# [ASSIGNMENT]
What you write must match, character for character, the lines from the one with "Ein Blick hinter" down to the one with "Représentants de Niort" in the listing below, minus its pictures.

# [PROVIDED RECORDS]
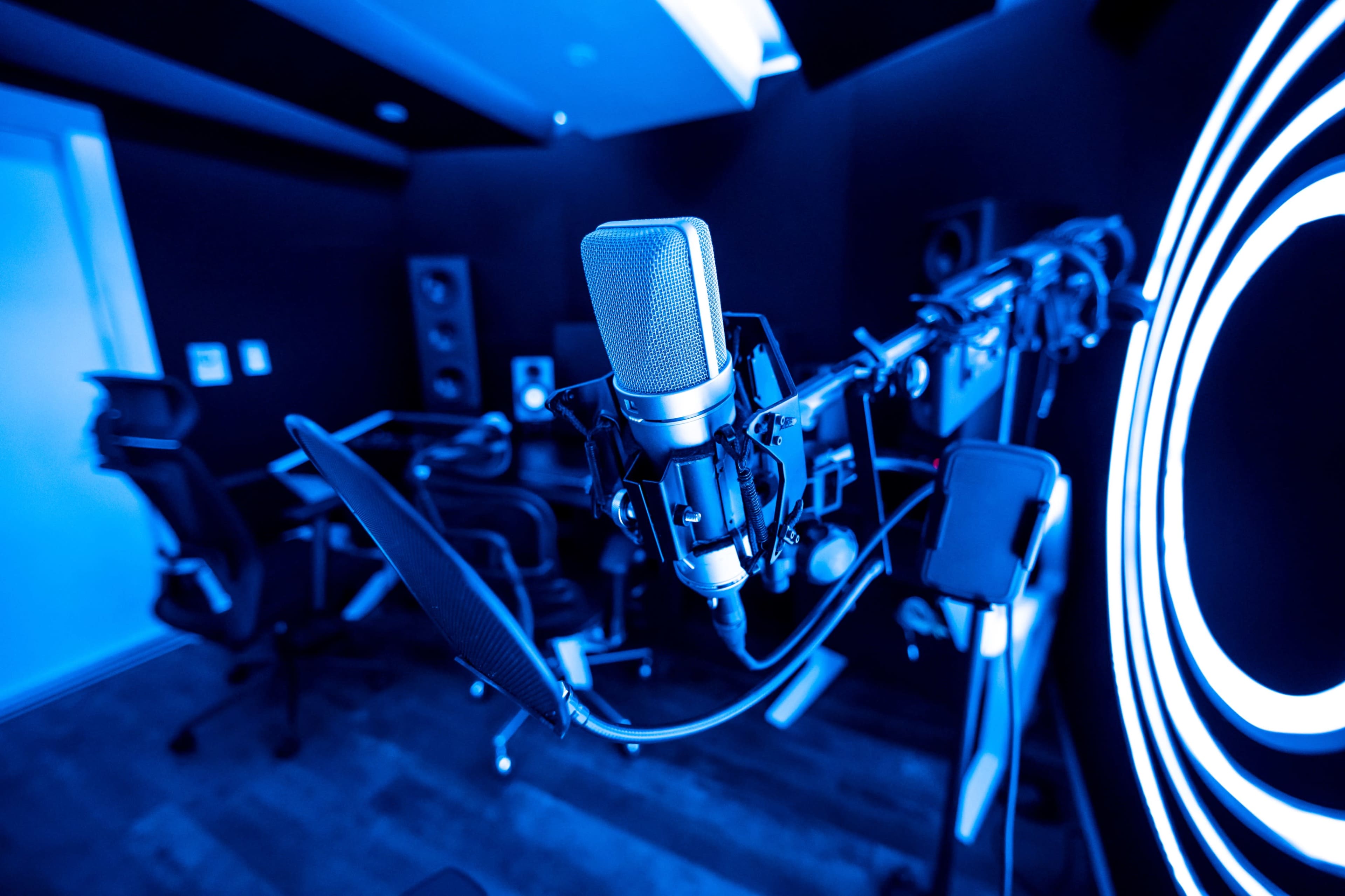 A close-up of a microphone mounted on a stand in a dimly lit recording studio with blue lighting.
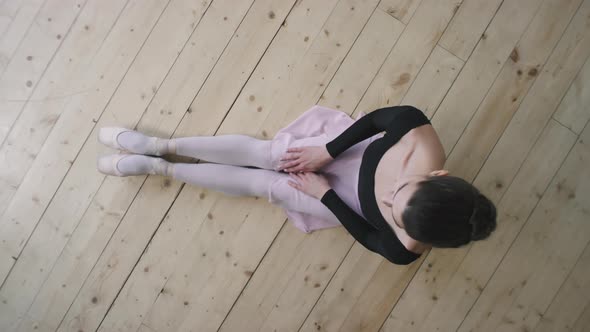 Top View Of Ballerina Sitting On Wooden Floor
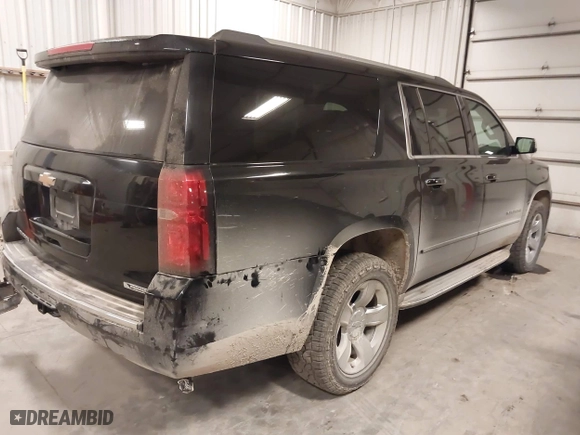 2017 Chevrolet Suburban Premier with VIN 1GNSKJKC0HR250854, listed as a IAAI auction lot 41541476 with 128,231 mi miles. Bid and sale history available at carsss.com. Image 4.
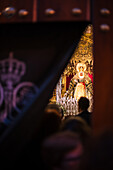 Ein Blick hinter die Vorhänge der Kapelle Capilla de los Marineros in Sevilla, Spanien. Die Gläubigen betreten die Kapelle, um die Esperanza de Triana zu verehren.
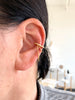 Draped chain earcuff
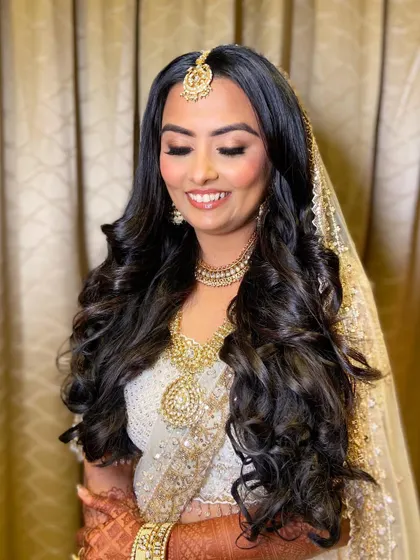 A close-up of Bansi's wedding makeup. The soft pink and gold eyeshadow blend seamlessly, paired with voluminous lashes for a romantic and dreamy effect.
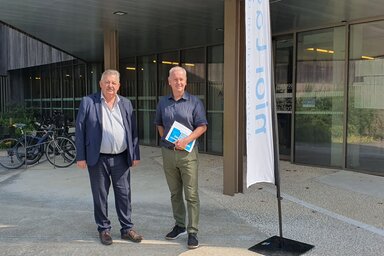 Représentants de Niort Agglo et tanlib posant devant l'entrée du Siège de Niort Agglo, l'un tenant un document de présentation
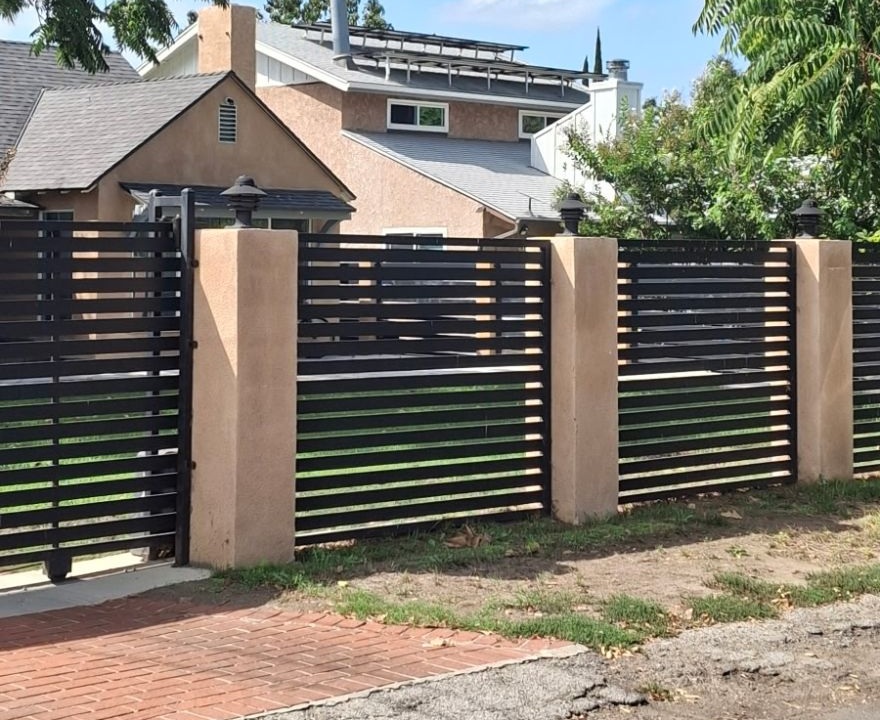 Tan stucco-finished pillars with lamp caps supporting a black slat fence and driveway gate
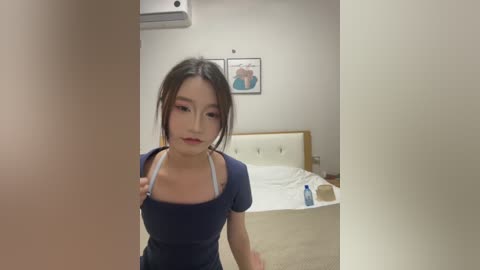 Video of an East Asian woman with fair skin, wearing a navy blue dress, standing in a minimalist bedroom with a white bed, framed artwork, and an air conditioner.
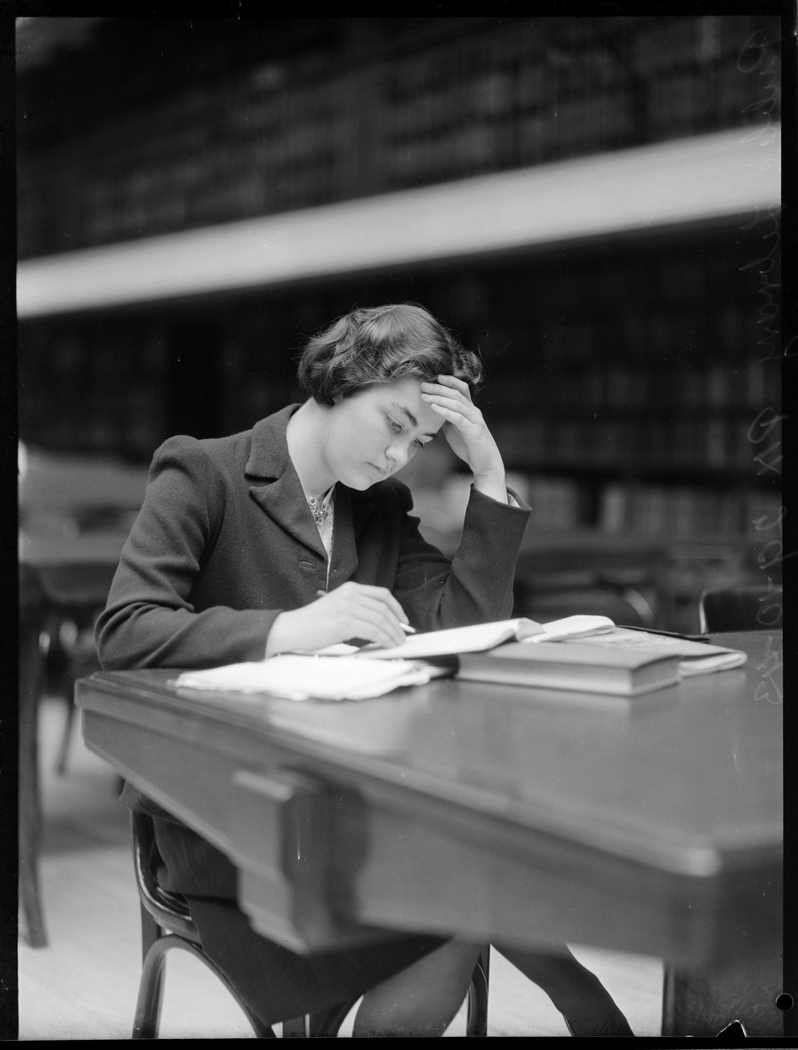 Woman sitting at desk in Reading Room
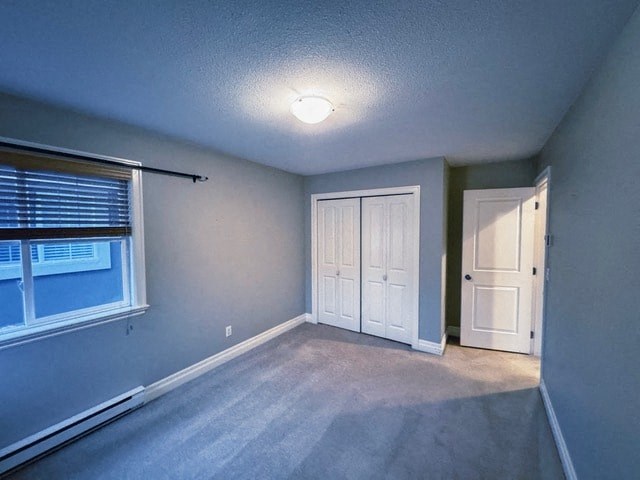 A room with a window, a white door, and a carpeted floor.
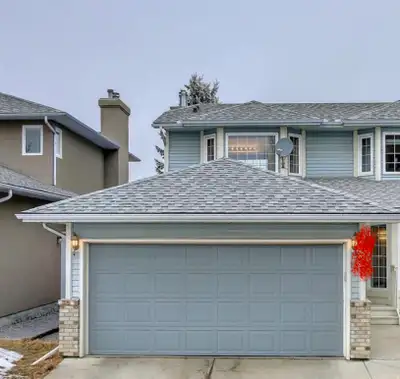 Double garage door gray color There are some hail marks/dents on the surface from a previous hailsto...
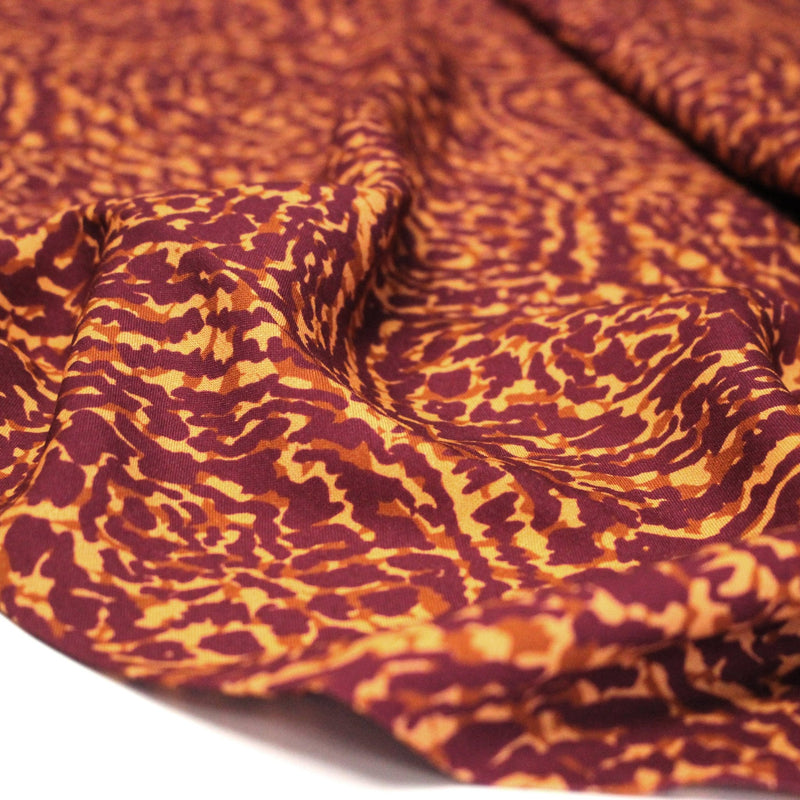 Tissu Viscose fluide ASSA arabesques rouge bordeaux fond ocre – STANDARD 100 OEKO - TEX - tissuspipi.com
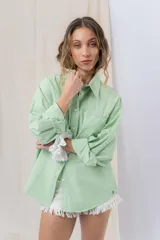 Camisa color crema de algodón liviano, calce oversize, con cuello camisero, cierre abotonado, mangas largas con opción de arremangado y dos bolsillos frontales con solapa.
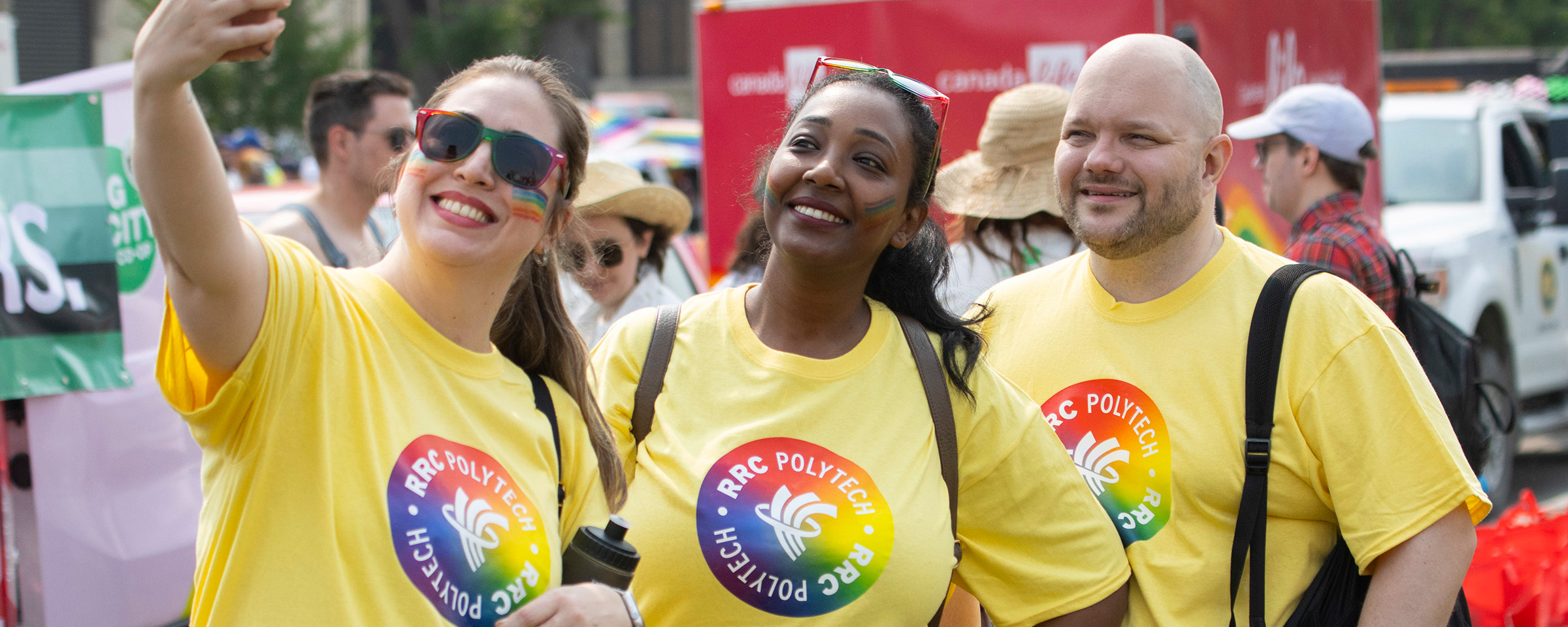 Group of people taking a selfie at a Pride parade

# [WRITTEN RESPONSE]
 Ein Blick hinter die Vorhänge der Kapelle Capilla de los Marineros in Sevilla, Spanien. Die Gläubigen betreten die Kapelle, um die Esperanza de Triana zu verehren.
 Draped chain earcuff
 A close-up of Bansi's wedding makeup. The soft pink and gold eyeshadow blend seamlessly, paired with voluminous lashes for a romantic and dreamy effect.
 Représentants de Niort Agglo et tanlib posant devant l'entrée du Siège de Niort Agglo, l'un tenant un document de présentation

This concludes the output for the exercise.